Data Distribution Insights into Trustworthy Machine Learning

Zeming Wei

Published: 14 May 2025, Last Modified: 22 May 2025PKU B.S. ThesisEveryoneCC BY 4.0

Abstract: In recent years, machine learning (ML) has made milestone advancements across a variety of applications. However, it also faces significant trustworthiness issues that raise concerns about its practical implementation in real-world scenarios. These issues include perspectives like transparency, robustness, and safety, which can result in unreliable, misleading, or harmful outcomes in their deployment. For example, the complex nature of deep neural networks (DNNs) makes their decisions difficult to interpret. Additionally, adversarial examples and jailbreaking attacks can lead ML models to produce inaccurate or toxic outcomes.

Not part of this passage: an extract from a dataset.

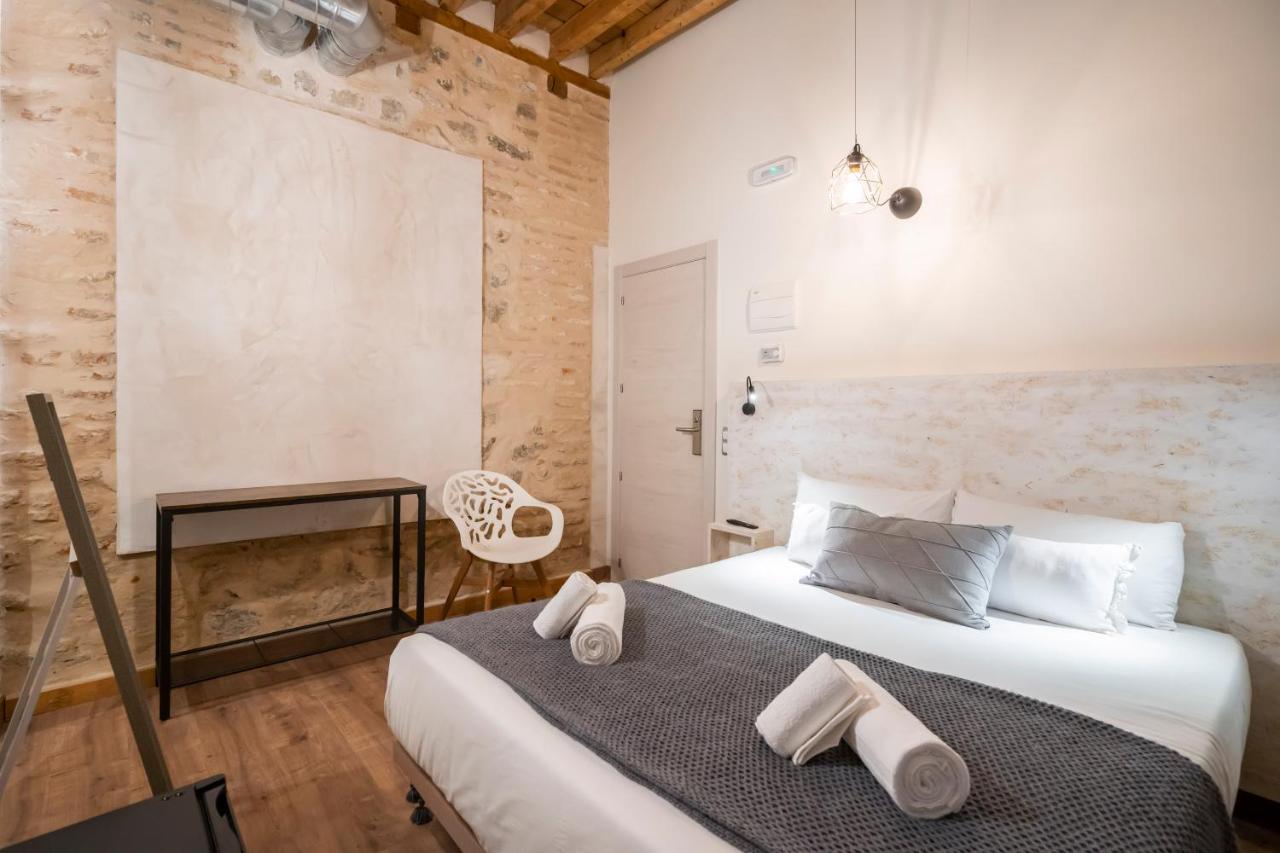 Dobo Azacanes Hostal โตเลโด ภายนอก รูปภาพ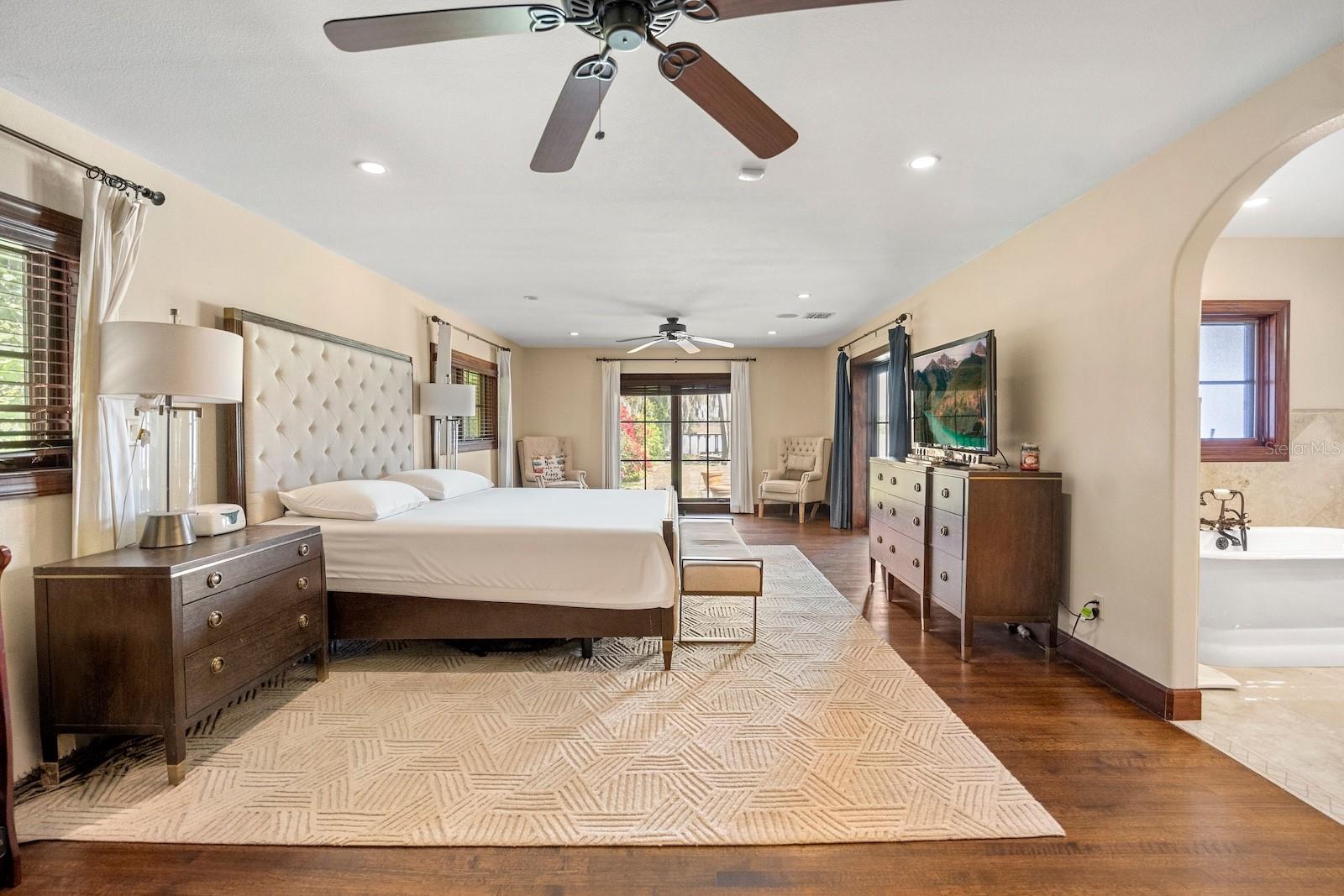 5400 Kenmore Ln Property Photo 35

This thesis aims to provide new insights into these research problems from the data distribution perspective. Complementary to existing trustworthy ML research that emphasizes optimization or model design, this thesis explores the potential of data distribution for understanding and defending ML models, which has notable potential as model sizes grow and traditional methods may encounter scalability bottlenecks. By analyzing and utilizing characteristics of specific data distributions, this thesis proposes theories and algorithms motivated by them for mechanism interpretation, robust generalization, and alignment inspection across different types of ML models.